Cautious, Cashed Up, Looking For Direction

rudi-views
Always an independent thinker, Rudi has not shied away from making big out-of-consensus predictions that proved accurate later on. When Rio Tinto shares surged above $120 he wrote investors should sell. In mid-2008 he warned investors not to hold on to equities in oil producers. In August 2008 he predicted the largest sell-off in commodities stocks was about to follow. In 2009 he suggested Australian banks were an excellent buy. Between 2011 and 2015 Rudi consistently maintained investors were better off avoiding exposure to commodities and to commodities stocks. Post GFC, he dedicated his research to finding All-Weather Performers. See also "All-Weather Performers" on this website, as well as the Special Reports section.

Rudi's View | Apr 11 2019

In this week's Weekly Insights (published in two parts):

-Cautious, Cashed Up, Looking For Direction
-Not The End, Says Prudential

-Conviction Calls
-Retail REITS And The (Invisible) Risk
-Have Your Say - The CSL Challenge
-Rudi On TV
-Rudi On Tour

[Non-highlighted parts will appear in Part Two on Friday]

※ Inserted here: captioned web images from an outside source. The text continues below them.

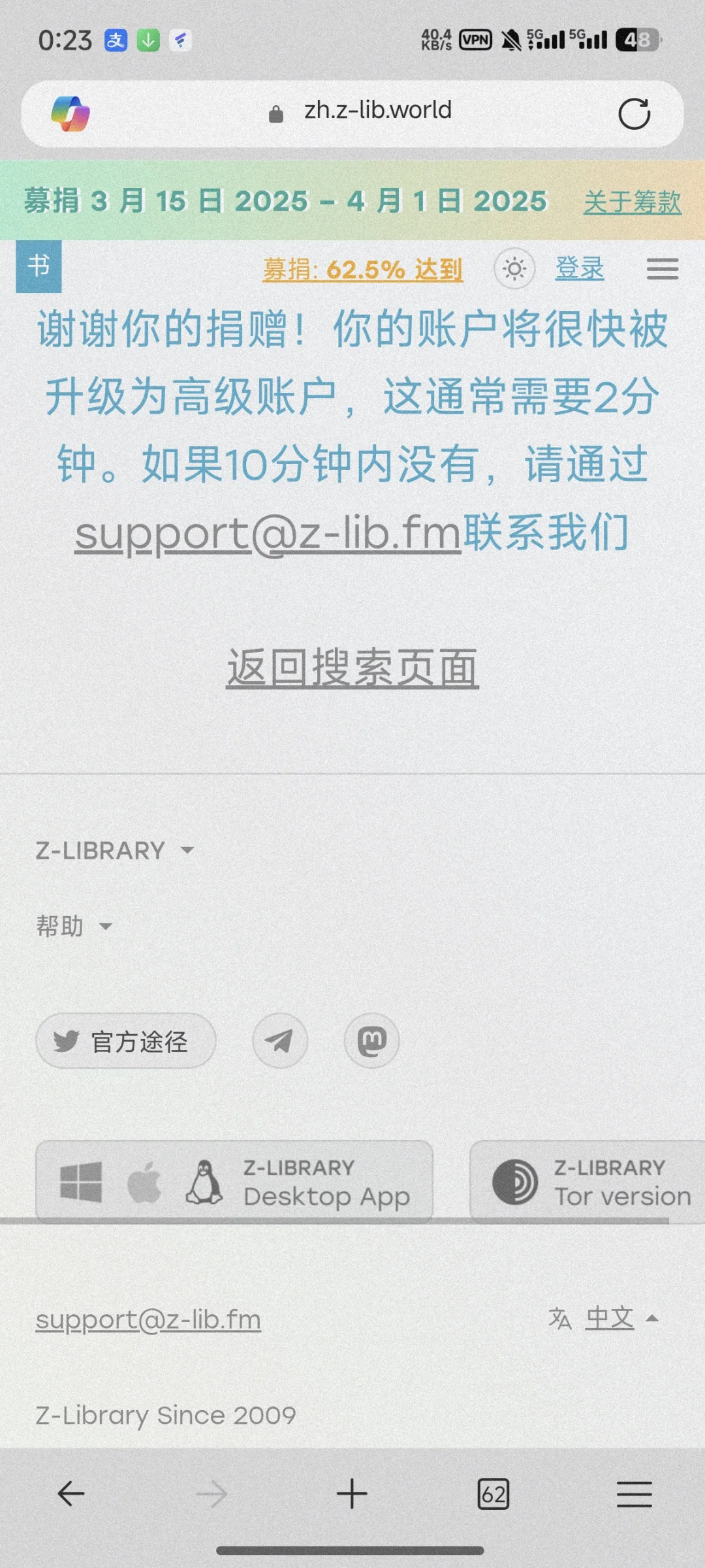 给予那些帮助我们的人，愿善良永存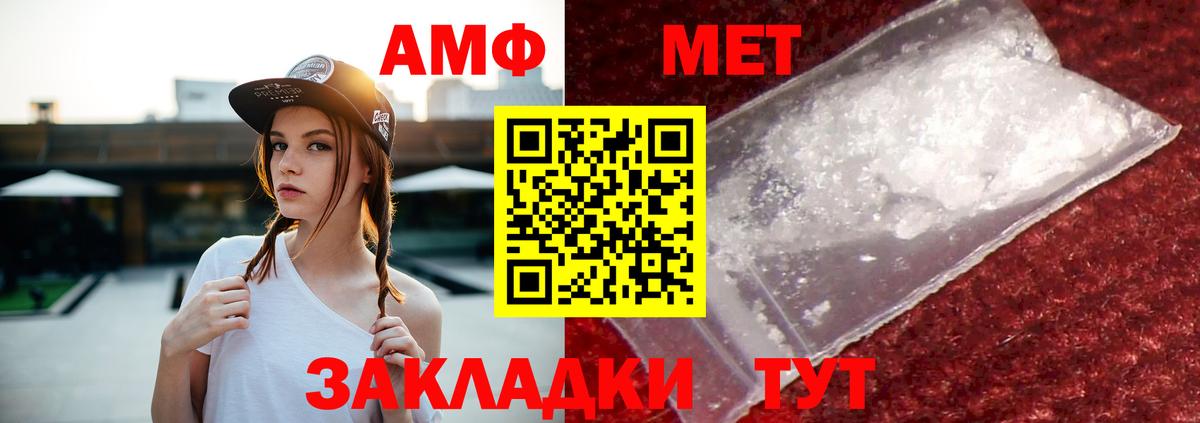 Амфетамин  darknet официальный сайт  Amphetamine  Великие Луки  Вход с VPN  АМФ Premium 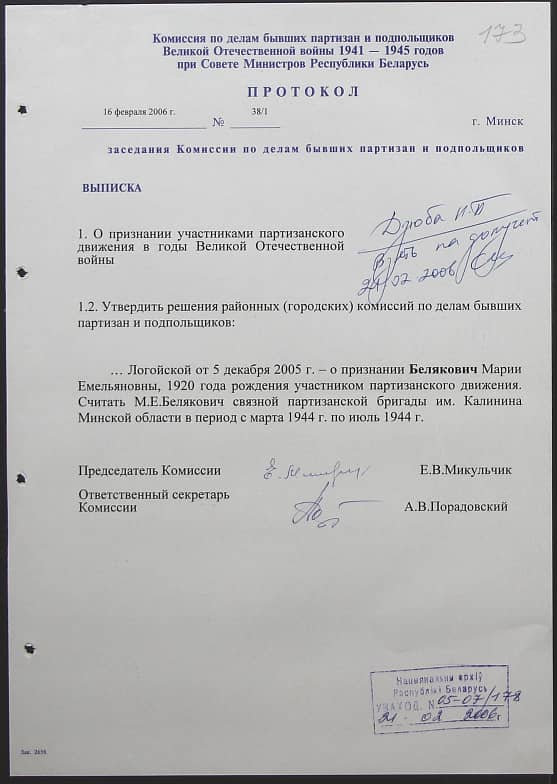 Белякович Мария Емельяновна Документ 1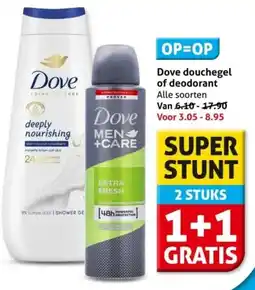 Hoogvliet Dove douchegel of deodorant aanbieding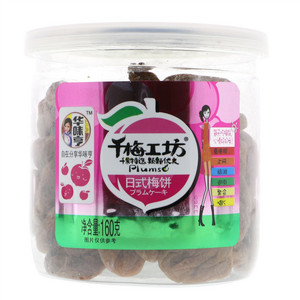 160g日式梅饼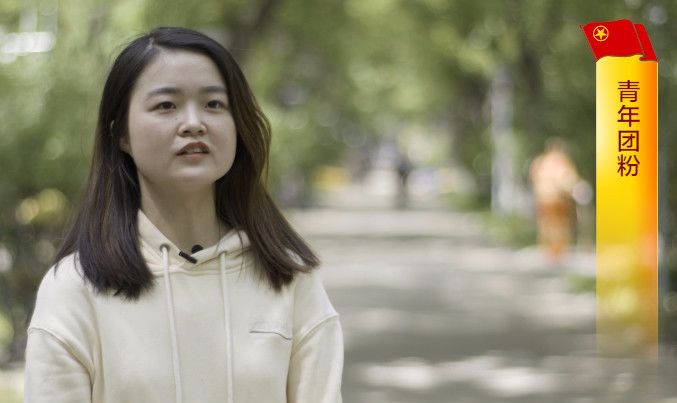 在新时代征程中砥砺前行｜共青团改革综述片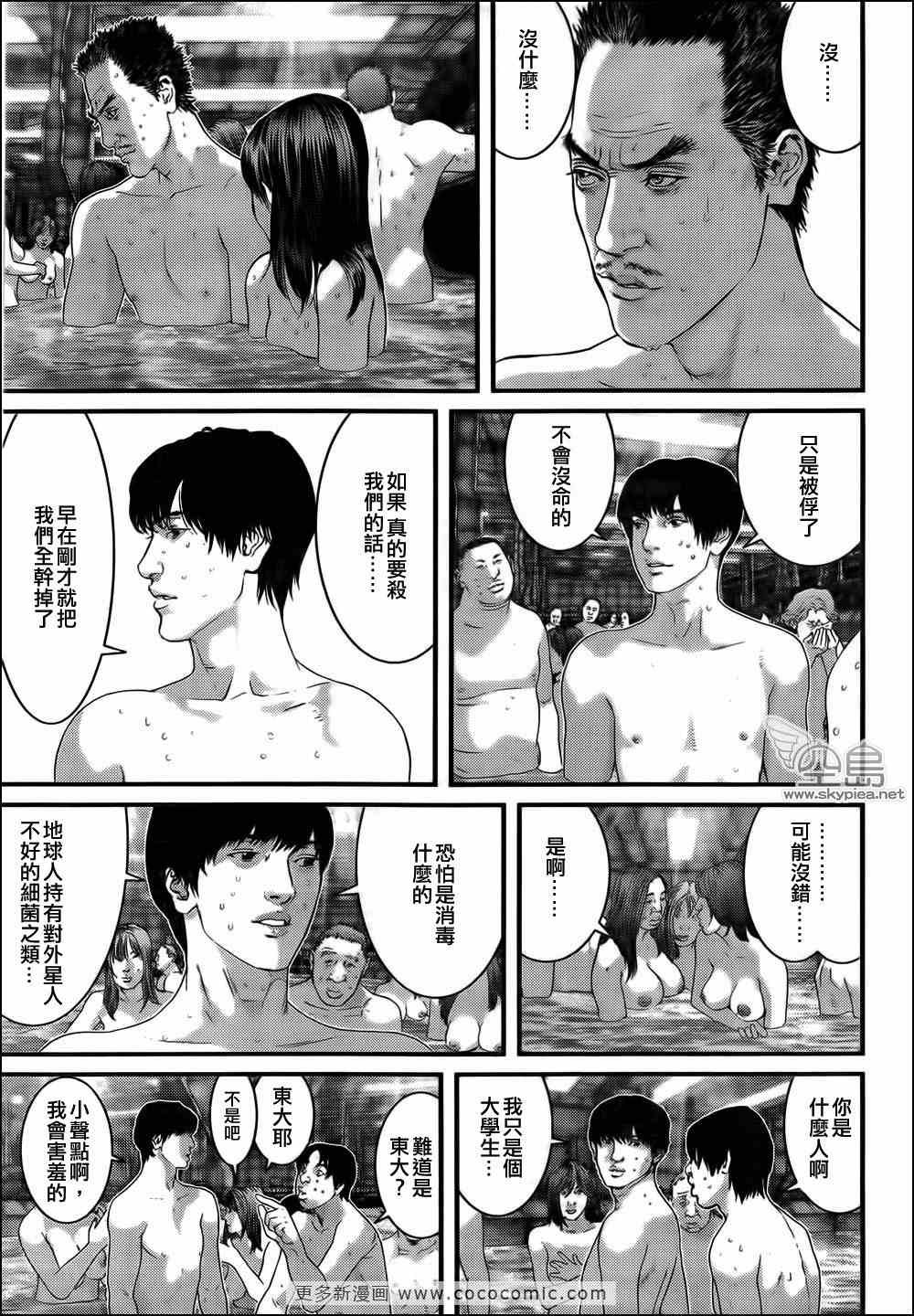 第320话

By Rudi Filapek-Vandyck, Editor FNArena

Cautious, Cashed Up, Looking For Direction

I am probably not revealing any big secrets when I state the local share market is getting the heebies jeebies every time the 2018 high comes within spitting distance.

This despite reassurances from technical analysts, or at least some of them, the market's bias remains to the upside. Thus far there has been no appetite to push the ASX200 too far down because, you know, Trump and Xi might actually announce something concrete and that would put equities on a higher level pretty quickly.

Investor dilemma was put on notice by the team of global strategists at Citi. On their assessment, any calls for recessions and bear markets and the like are way, way, way too early and totally overblown at this stage, but, on the other hand, further upside for global equities between now and year-end is estimated at the grand total of... (wait for it)... 2%.

Specific stock selection and allocating additional funds into pullbacks therefore look like the strategies that might generate highest returns over the next eight months.

?

Citi strategists are banking on a weaker US dollar to assist with further gains in US equities and Emerging Markets equities, with healthcare, communication services and materials most preferred sectors. The latter is an umbrella label for miners and energy producers, often also including contractors and engineers to both sectors, as well as certain old legacy inclusions such as Amcor and Incitec Pivot.

Just as an aside: I hope everyone agrees the more modern FNArena-specific sector denominations running on the FNArena website are a much more helpful tool than the plain old "materials".

Equally noteworthy, maybe, is that Citi strategists do not like consumer discretionary, utilities and consumer staples, and neither do they like equities in Japan or in Australia (both markets are treated as "underweight" regions).